Anytime there’s an election, some people are happy and some are let down. However, the results of one election this year put us squarely in the “happy” column. The people of New York State passed Proposition 2, a measure to allow the New York Legislature to go paperless, by 77 percent.
As you may recall from an earlier piece on New York’s legislative paperless movement, the proposition had to be approved by two separate Legislatures (2011 and 2013), as well as the people of New York. While other legislative bodies, ranging from West Virginia to Hawaii, have made the switch to paperless without such an arduous procedure, New York actually had to amend its Constitution because of language in it. A requirement dating back to 1938 specified that bills had to be "printed and upon the desks" of lawmakers for three days before they could be passed, explains the Associated Press.
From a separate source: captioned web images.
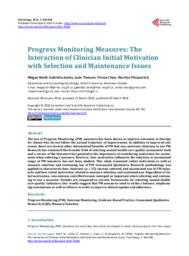Progress monitoring measures: The interaction of clinician initial motivation with selection and maintenance issues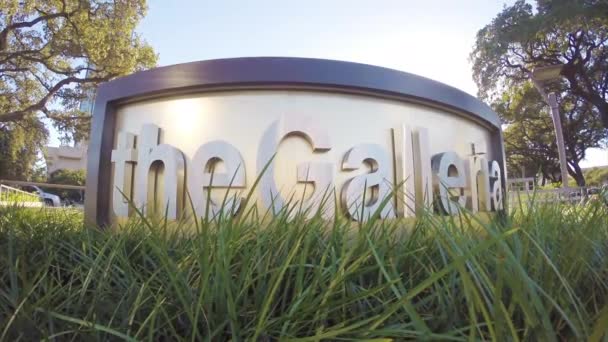 Houston Galleria Mall Außenbeschilderung Nahaufnahme Mit Grünem Gras Vordergrund — Stockvideo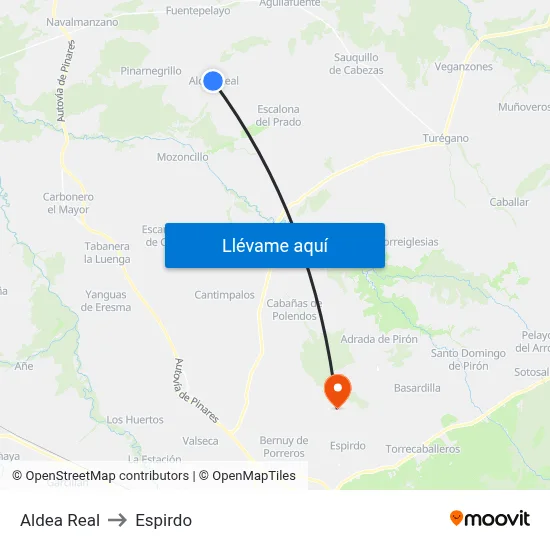 Aldea Real to Espirdo map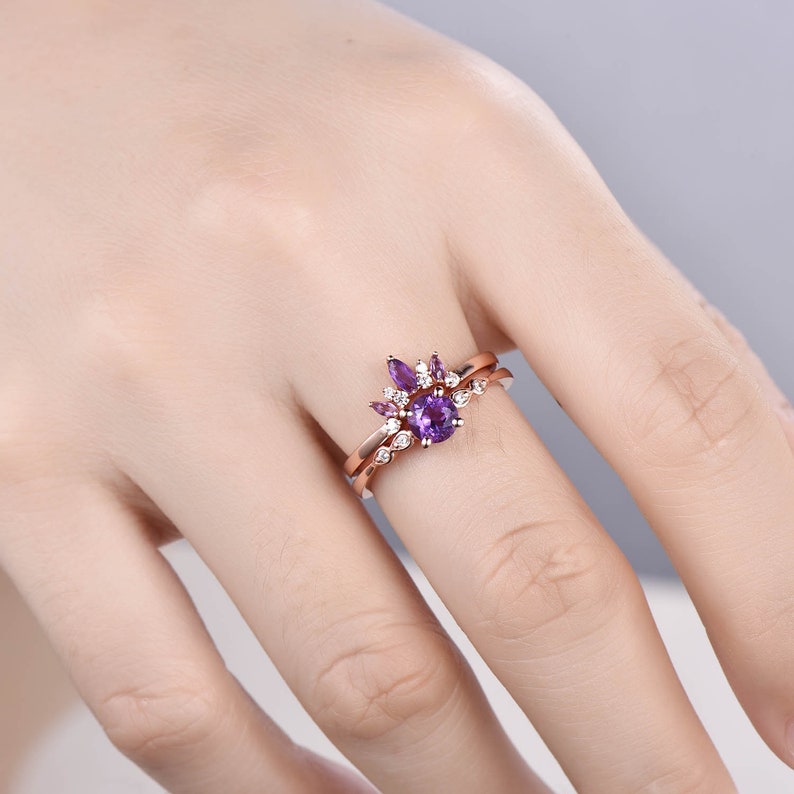 Amethyst Bridal Ring Set Rose Gold CZ Diamond Wedding Ring Set Etsy
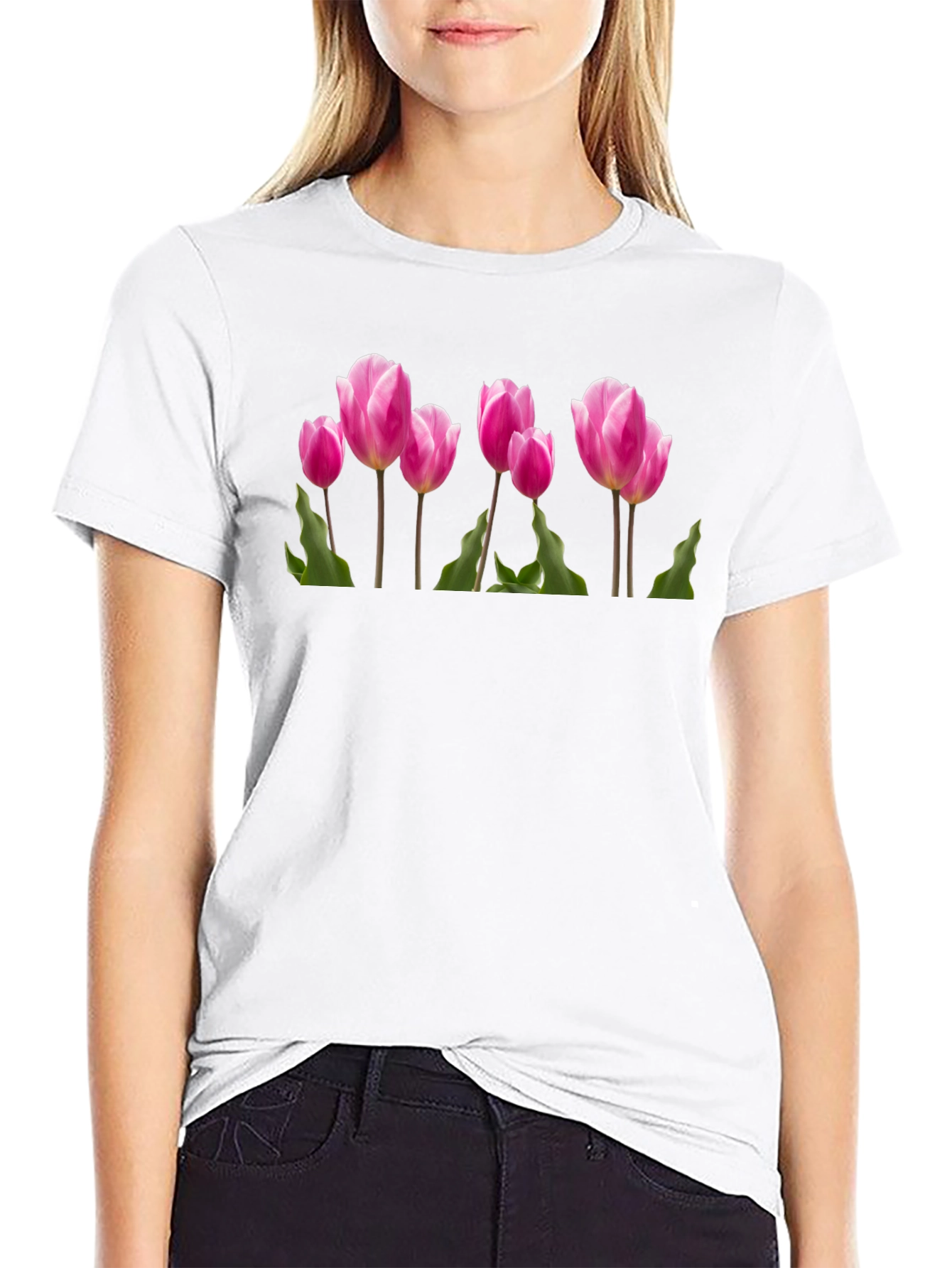 Tulip Graphic T-Shirt - Black Cotton Tee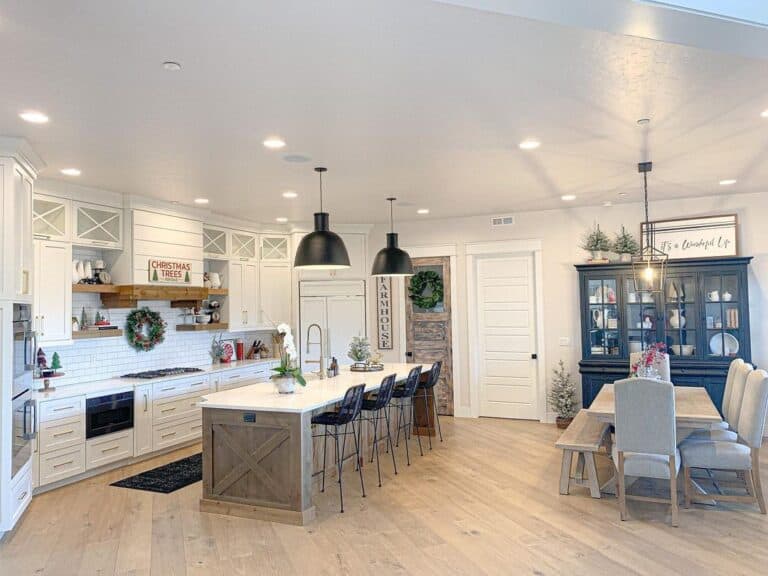 Farmhouse Kitchen with Angled Wood Floor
The proposition established three requirements:
- The 213 legislators had to be able to review the electronically sent bill at their desks
- Legislators had to be able to print the bill if they wanted to
- The bill could not be changed electronically without leaving a record of the changes
The move could save up to $53 million a year—$13 million for printing and $40 million for disposing of the unneeded copies, according to amendment supporter Assemblyman James Tedisco (R-Schenectady). Just as an example, the Legislature introduced 18,000 bills this year.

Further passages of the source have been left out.